§ Records from a dataset:

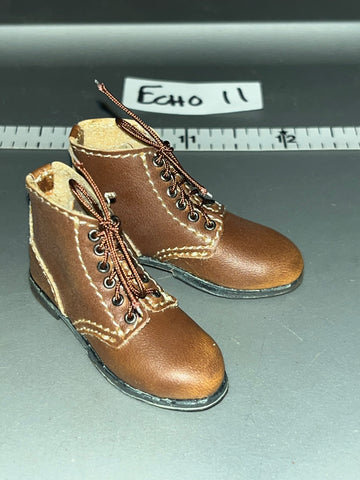 1/6 Scale WWII US Leather Boondocker Boots  - DID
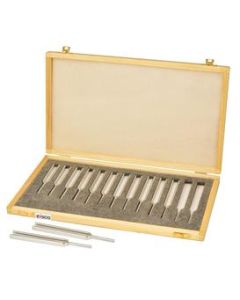 Steel Tuning Fork Set - Set of 13 - In Wooden Case, Designed for Physics experimentation - Eisco Labs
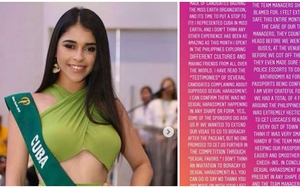 Nổ ra tranh cãi khi người đẹp Cuba tuyên bố ‘không có chuyện quấy rối tình dục tại Miss Earth 2018'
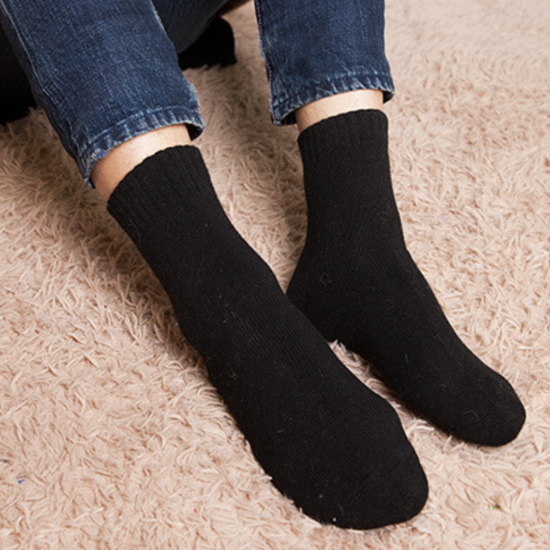 Вовняні шкарпетки теплі СХ 37-42 стовщені чорний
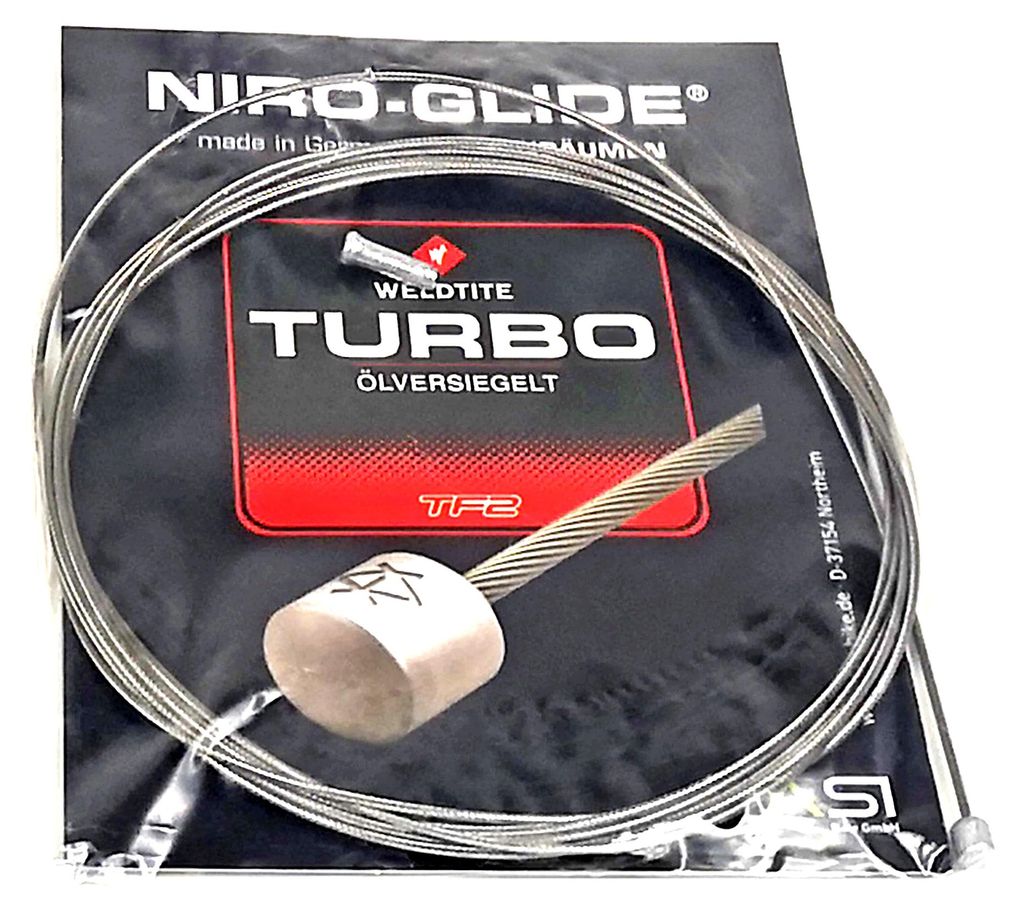 Niro-Glide Turbo Schaltzug Edelstahl Ø 1,1 mm Länge 2200 mm ölversiegelt Schalt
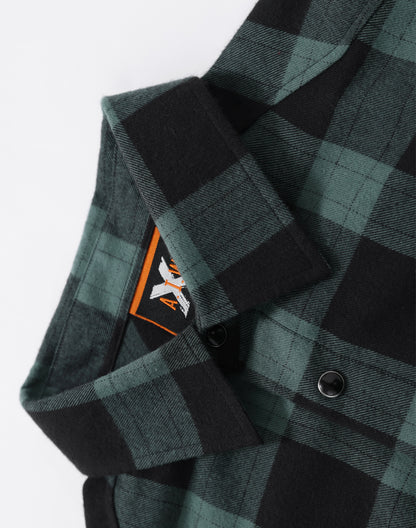Winning Spirit Unisex Classic Flannel Plaid LS Shirt (WT11)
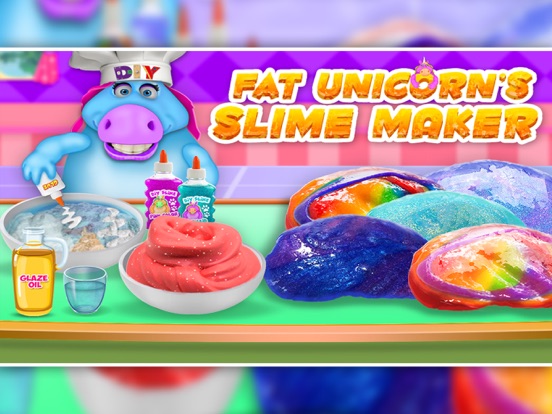 Screenshot #4 pour Mr. Fat Unicorn Slime Making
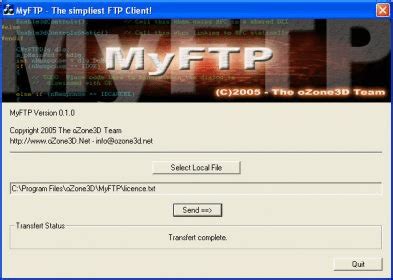 myftp|myulftp client.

§ BRIEF:
Reproduce exactly, without any picture, the lines from the one bearing "Winning Spirit Unisex" to the last line of the records above.

§ RESPONSE TO THIS EXERCISE:
Winning Spirit Unisex Classic Flannel Plaid LS Shirt (WT11)
 Screenshot #4 pour Mr. Fat Unicorn Slime Making
 myftp|myulftp client.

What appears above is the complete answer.